(Dataset records)

□ □ □ □

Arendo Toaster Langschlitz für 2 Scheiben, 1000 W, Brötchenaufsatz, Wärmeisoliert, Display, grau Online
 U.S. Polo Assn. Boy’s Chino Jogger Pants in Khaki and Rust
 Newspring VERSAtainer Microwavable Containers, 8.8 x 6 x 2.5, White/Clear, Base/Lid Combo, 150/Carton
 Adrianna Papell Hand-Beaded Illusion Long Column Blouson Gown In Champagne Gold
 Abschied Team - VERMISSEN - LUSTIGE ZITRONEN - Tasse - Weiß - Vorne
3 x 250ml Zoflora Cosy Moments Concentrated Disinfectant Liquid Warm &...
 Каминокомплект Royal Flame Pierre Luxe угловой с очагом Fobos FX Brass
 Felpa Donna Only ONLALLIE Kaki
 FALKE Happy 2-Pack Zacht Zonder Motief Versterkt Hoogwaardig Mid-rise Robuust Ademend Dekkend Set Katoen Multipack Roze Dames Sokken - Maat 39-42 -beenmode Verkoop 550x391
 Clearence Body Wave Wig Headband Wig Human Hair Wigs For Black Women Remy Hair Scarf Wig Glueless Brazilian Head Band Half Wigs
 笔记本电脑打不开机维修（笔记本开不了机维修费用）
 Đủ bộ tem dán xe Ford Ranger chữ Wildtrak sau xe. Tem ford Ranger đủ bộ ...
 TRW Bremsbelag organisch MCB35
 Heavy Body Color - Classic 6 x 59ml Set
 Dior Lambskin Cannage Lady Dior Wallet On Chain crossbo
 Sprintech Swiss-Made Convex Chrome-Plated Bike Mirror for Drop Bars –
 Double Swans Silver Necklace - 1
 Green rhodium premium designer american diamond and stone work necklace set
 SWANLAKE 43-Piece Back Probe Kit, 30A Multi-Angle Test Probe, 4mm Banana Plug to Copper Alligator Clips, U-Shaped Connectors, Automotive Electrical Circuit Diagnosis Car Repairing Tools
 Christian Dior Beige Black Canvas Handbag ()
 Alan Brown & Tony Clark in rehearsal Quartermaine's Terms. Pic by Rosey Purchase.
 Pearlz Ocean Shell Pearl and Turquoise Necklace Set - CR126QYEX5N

□ □ □ □

## TASK BRIEF
Lines from the one containing "Heavy Body Color - Classic 6 x 59ml Set" through the final line of the entries above are to be output exactly; omit all others.

## EXERCISE RESPONSE
 Heavy Body Color - Classic 6 x 59ml Set
 Dior Lambskin Cannage Lady Dior Wallet On Chain crossbo
 Sprintech Swiss-Made Convex Chrome-Plated Bike Mirror for Drop Bars –
 Double Swans Silver Necklace - 1
 Green rhodium premium designer american diamond and stone work necklace set
 SWANLAKE 43-Piece Back Probe Kit, 30A Multi-Angle Test Probe, 4mm Banana Plug to Copper Alligator Clips, U-Shaped Connectors, Automotive Electrical Circuit Diagnosis Car Repairing Tools
 Christian Dior Beige Black Canvas Handbag ()
 Alan Brown & Tony Clark in rehearsal Quartermaine's Terms. Pic by Rosey Purchase.
 Pearlz Ocean Shell Pearl and Turquoise Necklace Set - CR126QYEX5N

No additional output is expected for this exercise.